Proche des mandalas d’Extrême-Orient, « Humanité(s » invite à la contemplation et à la méditation.
À la réflexion sur l’histoire de l’île de La Réunion qui n’est pas vraiment une terre des origines puisque celles-ci puisent dans le tourbillon des Océans et des migrations de population venus de territoires proches et lointains : la France, l’Afrique, l’Inde, la Chine. Dans le Sud-ouest de l’Océan Indien, La Réunion, vierge île tropicale, fut un point d’ancrage dans le vaste océan pour les navires qui dès le XVIIe siècle croisaient le long de la fameuse route des Indes.
Ce rayonnement à grande échelle, au-delà des mers, Xavier Daniel le matérialise au sol par ces pointes de diamant orientées aux quatre continents à l’origine des populations qui sont, à présent, liées, tressées, mêlées, tissées.
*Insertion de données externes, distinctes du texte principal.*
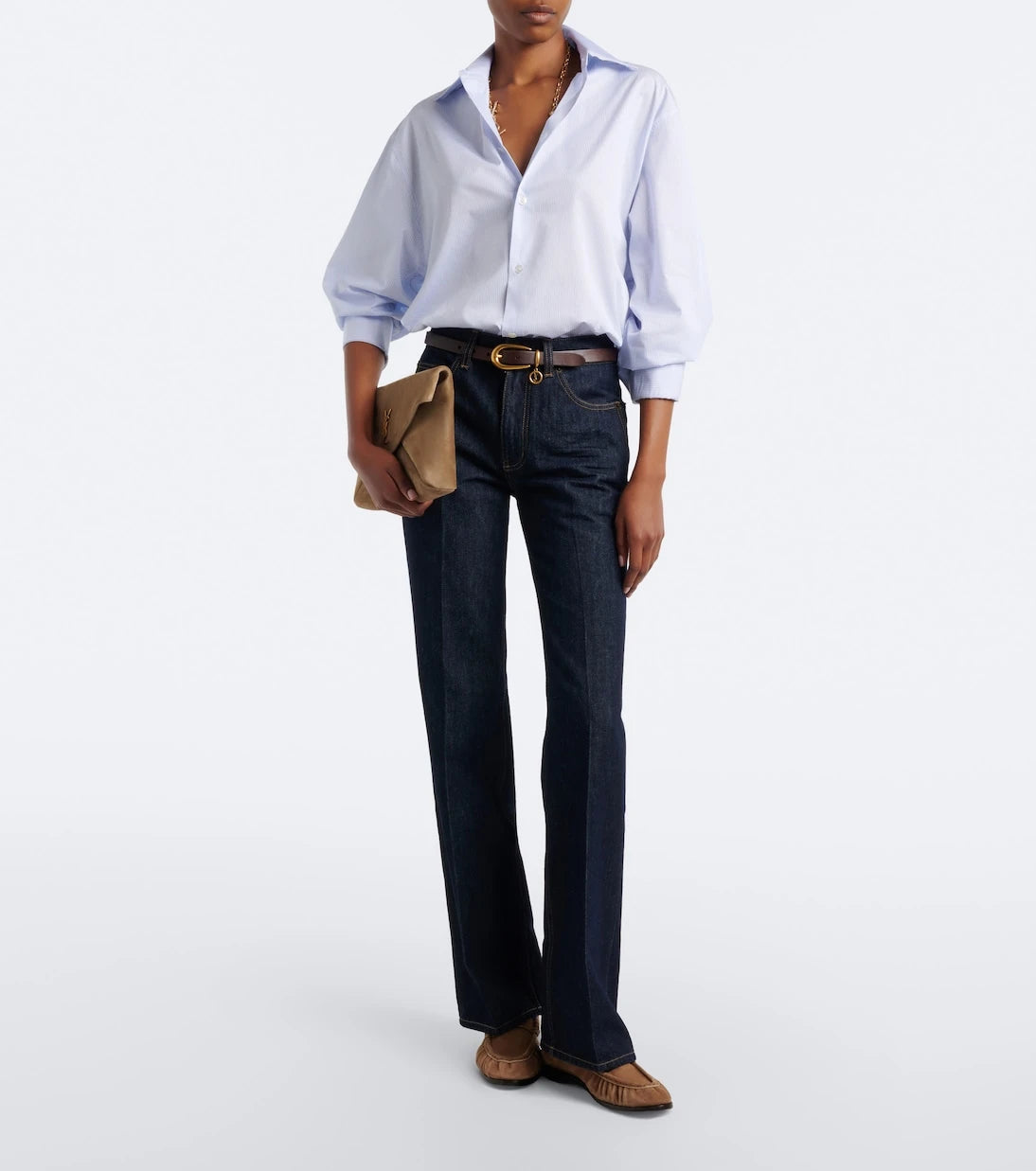 Saint Laurent - Cassandre pinstripe cotton shirt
La force symbolique de cette histoire se retrouve au centre de l’œuvre qui manifeste l’énergie créatrice. L’élancement des chaumes de bambou qui en strates, par étapes, montent, s’élèvent et grandissent.

L’île de La Réunion émerge de l’océan Indien telle une rose des vents dont le devenir métaphorique suggère une puissance en constante évolution.

Caroline de Fondaumière, 2017
Historienne de l’Art, directrice de l’Artothèque du Département de La Réunion.